Hello Linux Gurus,
I am seeking divine inspiration.
I don’t understand the apparent lack of hypervisor-based kernel protections in desktop Linux. It seems there is a significant opportunity for improvement beyond the basics of KASLR, stack canaries, and shadow stacks. However, I don’t see much work in this area on Linux desktop, and people who are much smarter than me develop for the kernel every day yet have not seen fit to produce some specific advanced protections at this time that I get into below. Where is the gap in my understanding? Is this task so difficult or costly that the open source community cannot afford it?

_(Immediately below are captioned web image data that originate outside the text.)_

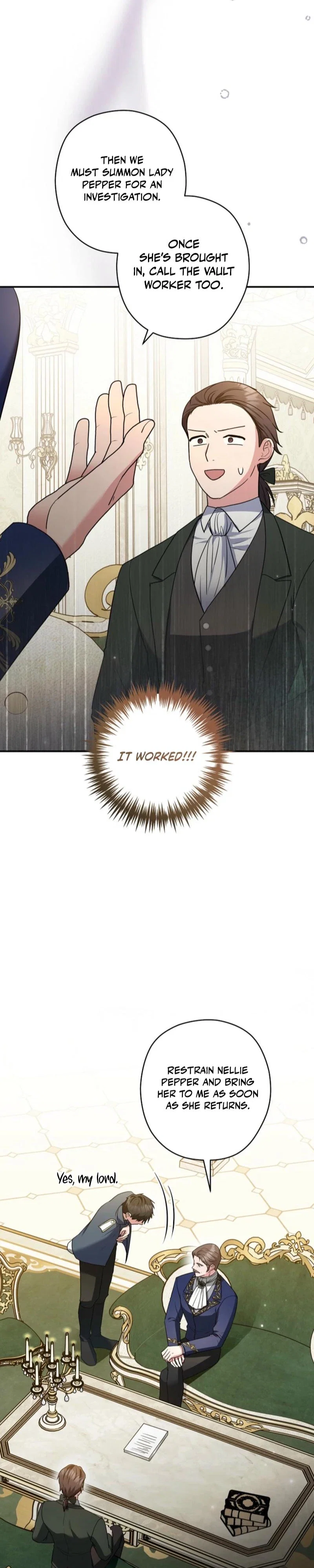 Duke Please Fail! Chapter 64 - Page 28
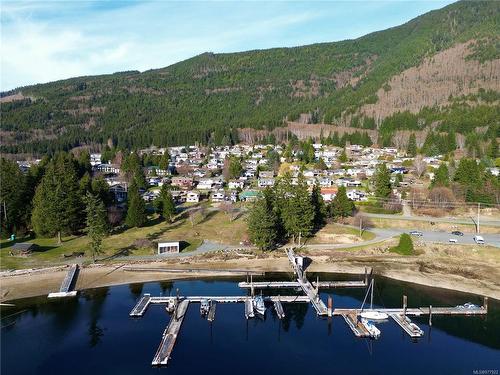 405-1083 Maquinna Ave, Port Alice, BC - Outdoor With Body Of Water With View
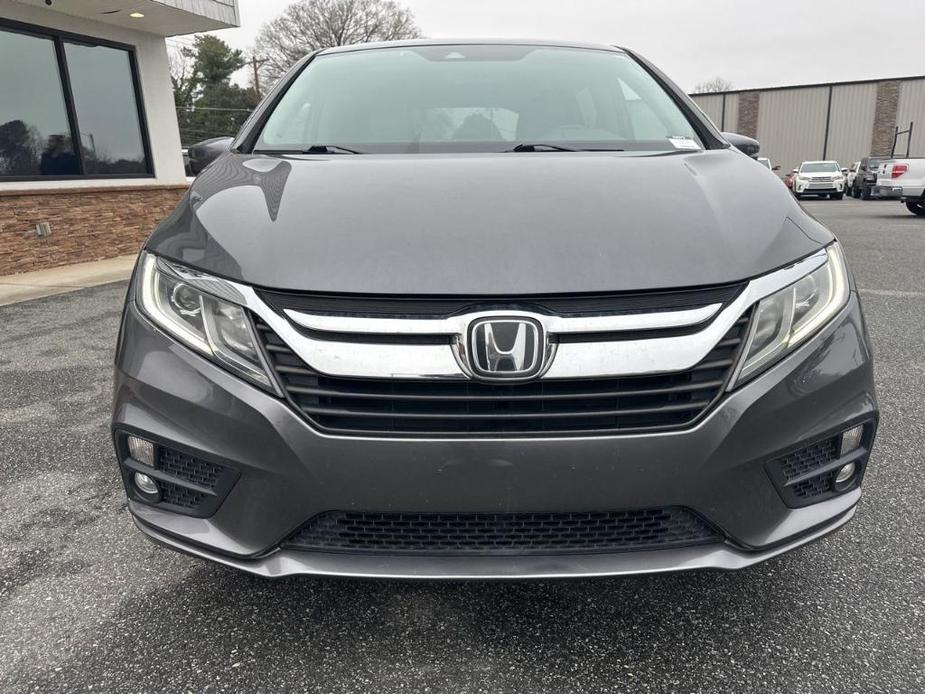 used 2019 Honda Odyssey car, priced at $26,977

Windows PCs, recent Macs, iPhones, and a few Android vendors such as Samsung run their kernels atop a hypervisor. This design permits introspection and enforcement of security invariants from outside or underneath the kernel. Common mitigations include protection of critical data structures such as page table entries, function pointers, or SELinux decisions to raise the bar on injecting kernel code. Hypervisor-enforced kernel integrity appears to be a popular and at least somewhat effective mitigation although it doesn’t appear to be common on desktop Linux despite its popularity with other OSs.

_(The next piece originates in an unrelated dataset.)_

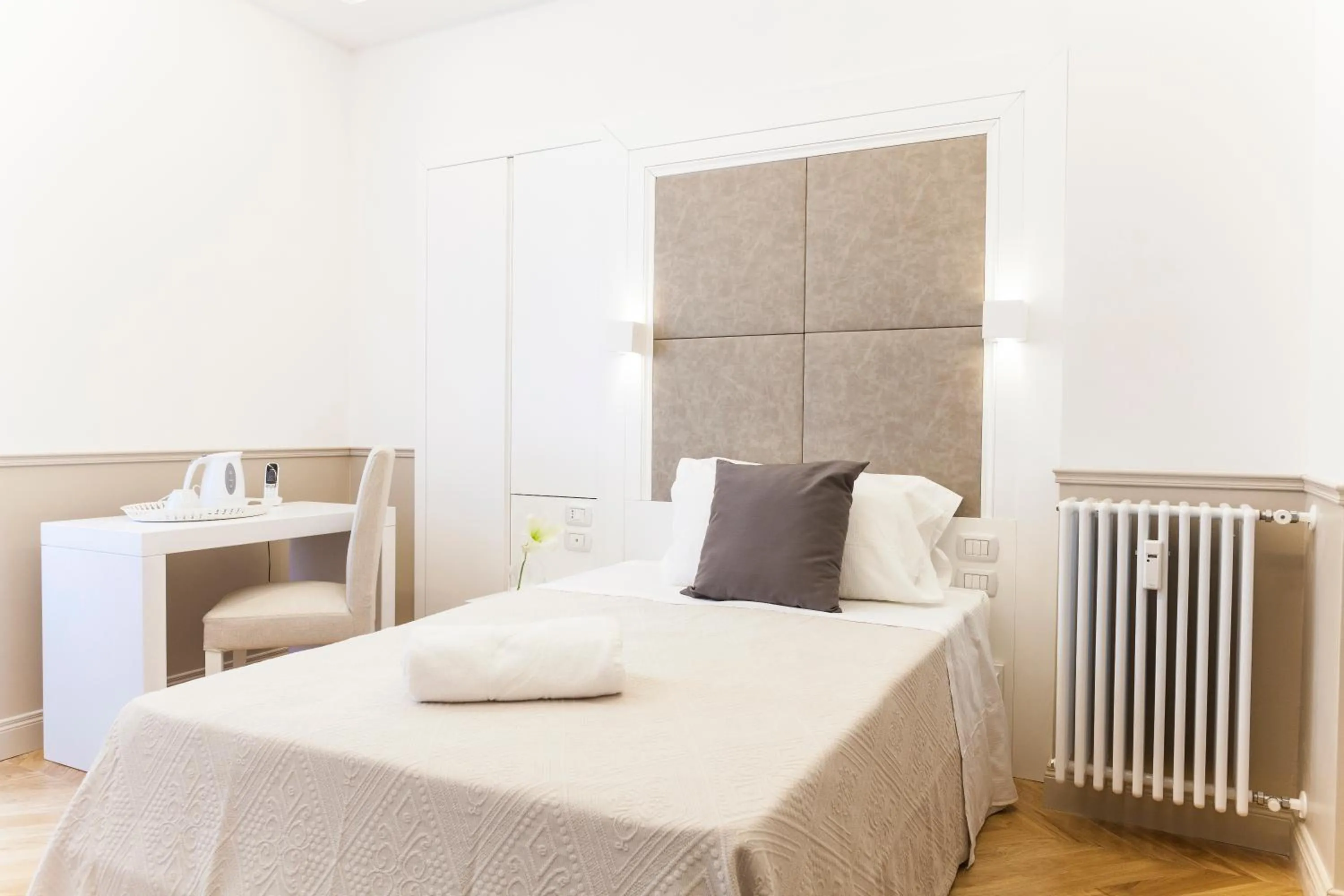 Deluxe Double Room in Margherita Suites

Meanwhile, in the desktop Linux world, users are lucky if a distribution even implements secure boot and offers signed kernels. Popular software packages often require short-circuiting this mechanism so the user can build and install kernel modules, such as NVidia and VirtualBox drivers. SELinux is uncommon, ergo root access is more or less equivalent to the kernel privileges including introduction of arbitrary code into the kernel on most installations. TPM-based disk encryption is only officially supported experimentally by Ubuntu and is usually linked to secure boot, while users are largely on their own elsewhere. Taken together, this feels like a missed opportunity to implement additional defense-in-depth.
It’s easy to put code in the kernel. I can do it in a couple of minutes for a “hello world” module. It’s really cool that I can do this, but is it a good idea? Shouldn’t somebody try and stop me?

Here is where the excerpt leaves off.